DON’T wander around the stage while Obama is talking
DO bring up William Ayers, but do so in a way that makes it sound like you’re not, or that Obama made you do it. Shows that you're a leader.
DO say Obama has voted for higher taxes, but only 54 times, not 94.
DO go over your allotted time, even if Schieffer gets irritated. You’re the frontrunner. You can do whatever you want.
DO sound sincere if you compliment McCain for his service.
DON’T say he’s “likable enough.”
DO thank heaven that you opted out of public financing, and McCain didn’t (but DON’T say that out loud).

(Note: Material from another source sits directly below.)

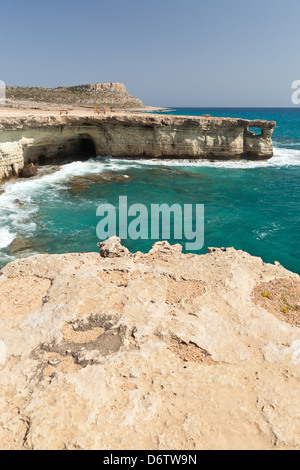 Zypern - Höhlen Meer in der Nähe von Agia Napa Stockfoto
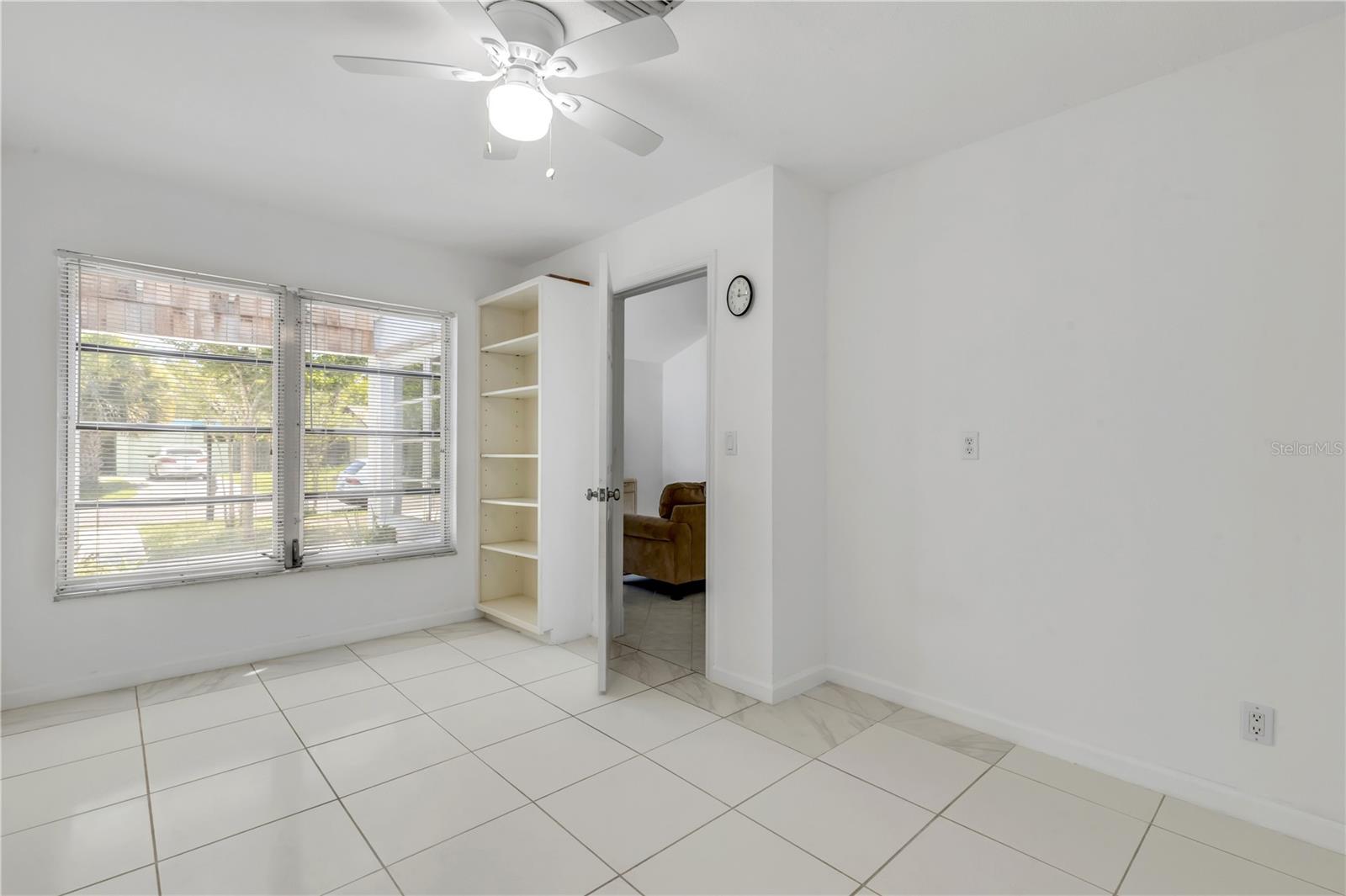 LAKE FOREST & LAKE FOREST NORTH - Residential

8 a.m, ET: It's Debate Day once again, the 87th (approximately) and final one of this marathon presidential campaign, and John McCain faces a choice tonight.
When the two candidates meet at Hofstra University, McCain must decide whether, and how much, to attack Barack Obama. One one hand, he could finally bring up the subject of William Ayers -- or even the verboten Rev. Wright -- as a way to question Obama's judgment, and because nothing else seemed to work well in the first two debates. On the other hand, McCain's poll numbers have gone down as his ratio of negative campaigning has gone up, with the majority of voters now seeing Obama as the guy talking issues while McCain is on the attack.
The latest evidence of that dynamic is the new New York Times/CBS News poll, which gives Obama a whopping 14-point lead among likely voters and shows that respondents think McCain has been "attacking" more than "explaining" by a 2-to-1 margin. (Elsewhere on the polling front today, LAT/Bloomberg has Obama up 9, while the latest Zogby track has the Democrat up just 4.)
Many conservatives believe that McCain's only way up is to attack Obama, and do what has only been done mostly by Sarah Palin to this point. But then McCain also risks being accused -- fairly or not -- of playing the "race card" and sullying his reputation in what will likely be the last campaign of his career.
Either way, tonight's session will be focused on domestic policy, meaning that there will (likely) be no mention of Waziristan. There certainly will be lots of economic talk and a debate over the two candidates' mortgage rescue plans and the Bush administration's bank bailout.
Now, a quick update to The Rundown's favorite story: It turns out that Tim Mahoney, the freshman Democrat already battling allegations that he paid off a former mistress and staffer to keep her quiet, may have been having another affair with another woman at the same time as the first affair. Is it too late to get Mahoney into tonight's debate?